In the article, they state that Google thinks it will be 30 years before cars
will be fully capable without steering wheels. If I were a survey respondent,
I wouldn't want to wait that long to get my next car either.

------
cpprototypes
Something that annoys me about all this self-driving focus is that they are
not targeting the obvious low-hanging fruit:

1) Focus on perfecting low speed bumper-to-bumper traffic fully autonomous
driving on freeways.

2) Focus on passing legislation to allow zero driver liability and awareness
when using the low speed bumper-to-bumper traffic self-driving mode.

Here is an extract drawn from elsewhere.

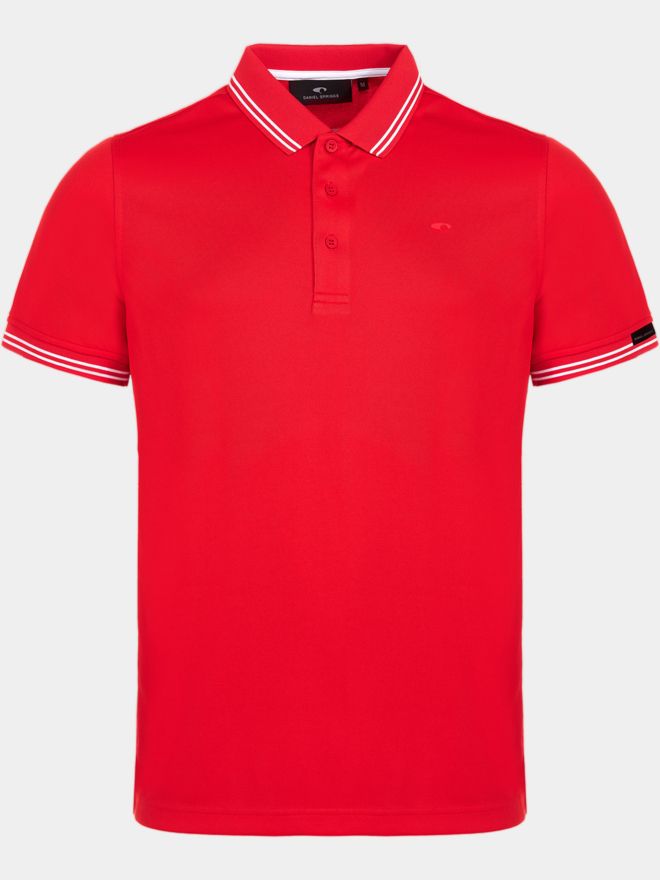 Daniel Springs Funktions Halbarm Polo rot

The speeds are low and so the risk factor is reduced by orders of magnitude.
Even if an accident happens, it won't be fatal because of the low speeds. And
that should also help with the legislation issues. Also, this feature would be
very popular. Imagine a commercial with typical bumper-to-bumper traffic. Then
the camera zooms in and the driver is sleeping. When the car detects that
bumper-to-bumper traffic is going to end soon, it triggers a loud alert which
wakes the driver.

And yet all the car companies are ignoring this. I remember reading about
early lane keeping and automatic speed cruise control and it would not
activate under slow speeds. I was incredulous when I read it. They made this
not work for exactly the most useful scenario? I don't care about self-driving
for road trips, they don't happen often. And door-to-door self driving is the
ultimate goal, but it's going to take a long time to get there. But helping to
alleviate the horrible bumper-to-bumper driving by allowing drivers to do
something else can be done with current technology. The whole self-driving
effort feels like no one has done any market research to see how to make it
help with real world situations.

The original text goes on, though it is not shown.